Responding to special questions, the jury determined that plaintiff had proven by a fair preponderance of the credible evidence that plaintiff had accrued unpaid vacation time between 1979 and 1998; that defendant did not have a policy manual in 1979 which provided that no payment would be made to an employee for unused accumulated vacation time; and that defendant did not have a policy in 1978 which provided that no payment would be made to an employee for unused accumulated vacation time. We note that the jury was not asked to determine defendant's vacation policy in 1998 or thereafter, and defendant did not object to this omission. Following the jury's verdict, judgment was entered in favor of plaintiff in the principal sum of $56,967.24.

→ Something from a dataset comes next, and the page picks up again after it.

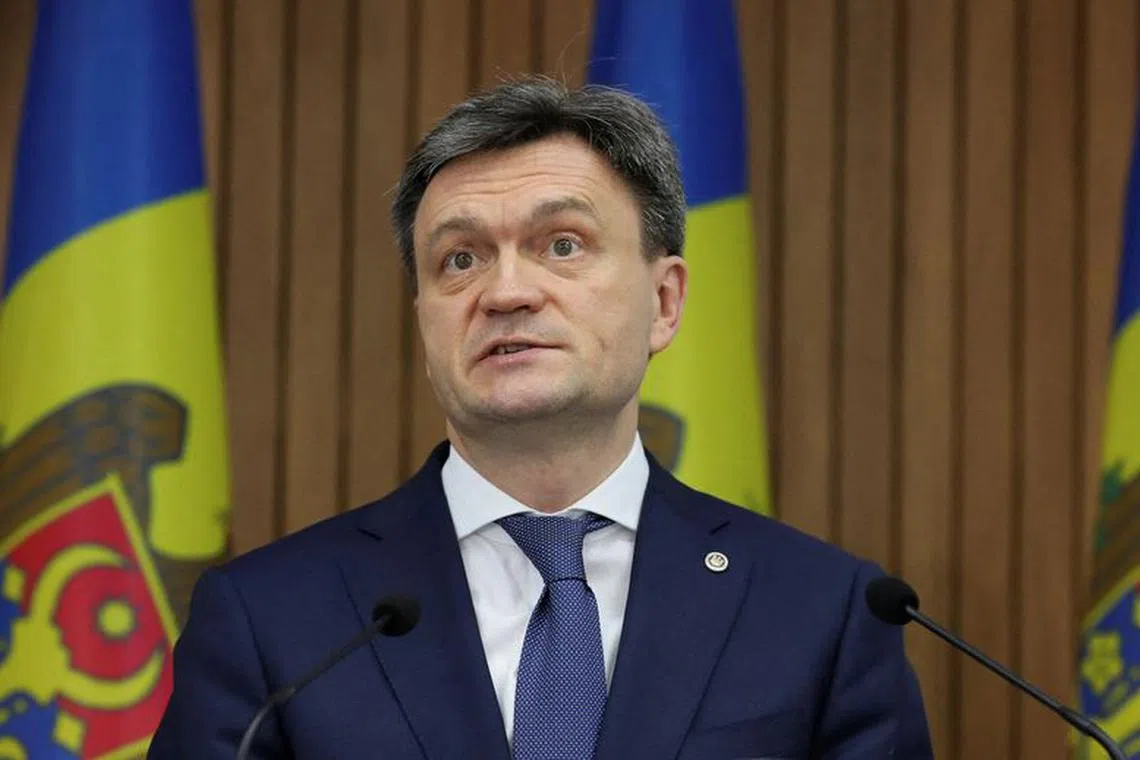 FILE PHOTO: Moldovan Prime Minister Dorin Recean attends a news conference following talks with Romanian Prime Minister Nicolae Ciuca in Chisinau, Moldova, March 23, 2023. REUTERS/Vladislav Culiomza/File Photo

The determination as to whether a former employee is entitled to be paid for accrued vacation time is governed by the contract between the parties ( see Gennes v. Yellow Book of NY, Inc., 23 AD3d 520, 521–522 [2005];Matter of Glenville Gage Co. v. Industrial Bd. of Appeals of State of NY, Dept. of Labor, 70 A.D.2d 283 [1979];Bucalo v. King O'Rourke Buick Pontiac GMC, 33 Misc.3d 136[A], 2011 N.Y. Slip Op 52031[U] [App Term, 9th & 10th Jud Dists 2011] ). A former employee may also be entitled to recover if she can establish that she reasonably relied on express verbal assurances that she would be paid for unused vacation time ( see Garrigan v. Incorporated Vil. of Malverne, 12 AD3d 400, 401 [2004];Gendalia v. Gioffre, 191 A.D.2d 476 [1993] ), or if she can establish that the defendant employer had a regular practice of paying its employees upon their termination for accumulated and unused vacation time and that the employee relied upon such practice in accepting or continuing her employment for the defendant ( see Spencer v. Christ Church Day Care Ctr., 280 A.D.2d 817, 817–818 [2001] ). The plaintiff bears the burden of proving an entitlement to receive payment in lieu of accrued vacation time ( see Grisetti v. Super Value, 189 Misc.2d 800, 801 [App Term, 9th & 10th Jud Dists 2001] ). When, as here, an employee dies while employed, her death terminates her employment, and the representative of her estate bears the burden of proving the estate's entitlement to payment in lieu of vacation time for vacation time the decedent had accrued at the time of death ( see Spencer v. Christ Church Day Care Ctr., 280 A.D.2d 817). In the present case, since plaintiff failed to prove that his decedent either had a contractual entitlement to be paid for accrued vacation time, or that she had relied on express representations that she would be paid for such time, and since plaintiff further failed to establish that defendant had a practice of making, or indeed had ever made, any payments in lieu of vacation time to its current or former employees, we conclude that plaintiff failed to establish a prima facie case.
We note that since plaintiff's decedent was an executive of defendant corporation, the protections of Labor Law § 198–c were inapplicable to her ( seeLabor Law § 198–c [3] ).
We pass on no other issue.
Accordingly, the judgment is reversed and judgment is directed to be entered in favor of defendant dismissing the complaint.